### Available data:
________

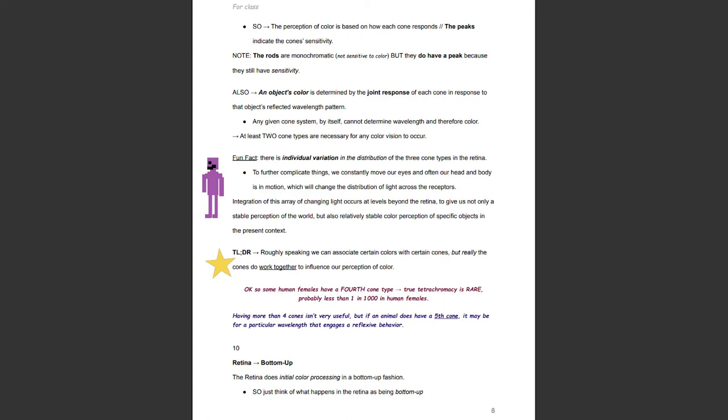Some female humans have a fourth cone type. Tetrachromacy is rare — probably less than one in a thousand human females.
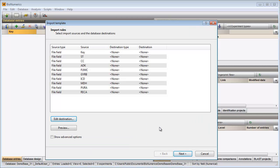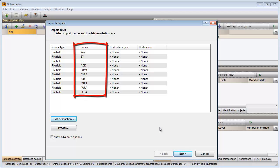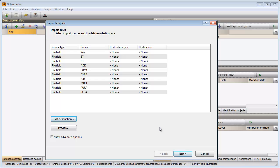In this step I need to define the import template for my data format. The column names found in the Excel file are listed under the column Source. In this grid I can choose what information from the Excel file I would like to import into my database.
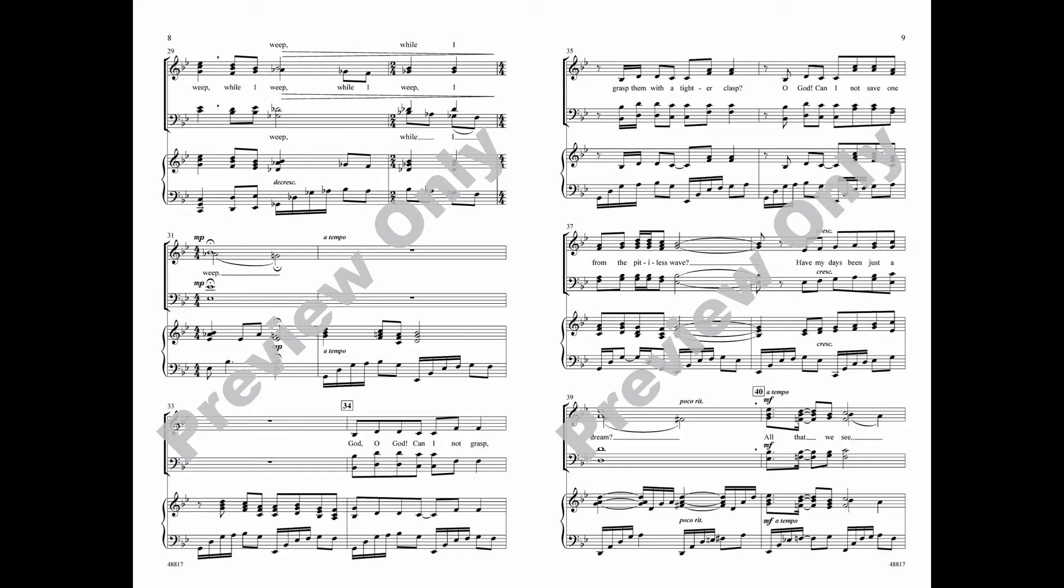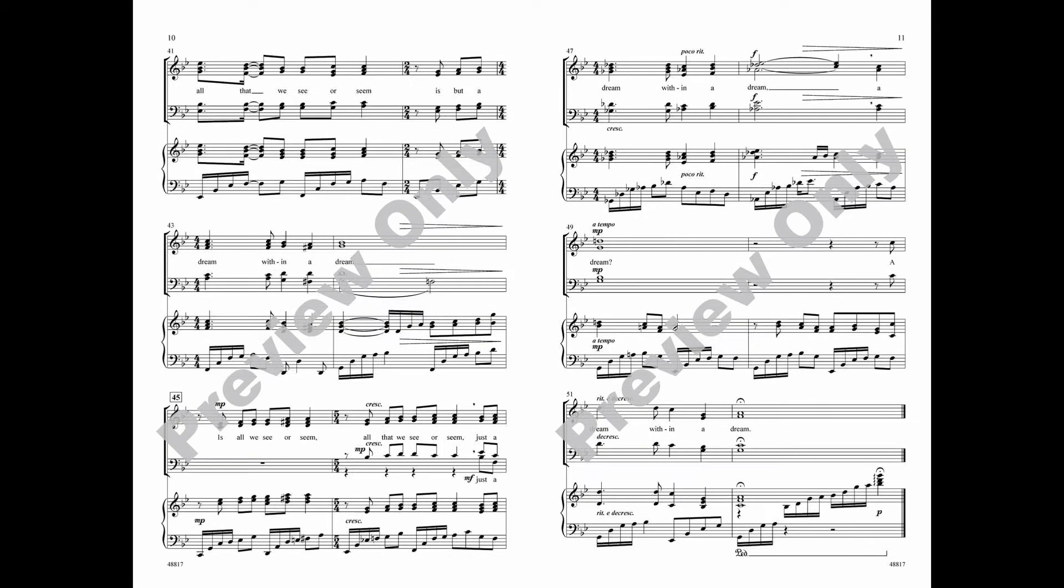Have my days been just a dream? All that we see, all that we seem, is but a dream within a dream.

________

Write out the material exactly, excluding pictures.

### Solved exercise:
Some female humans have a fourth cone type. Tetrachromacy is rare — probably less than one in a thousand human females.
In this step I need to define the import template for my data format. The column names found in the Excel file are listed under the column Source. In this grid I can choose what information from the Excel file I would like to import into my database.
Have my days been just a dream? All that we see, all that we seem, is but a dream within a dream.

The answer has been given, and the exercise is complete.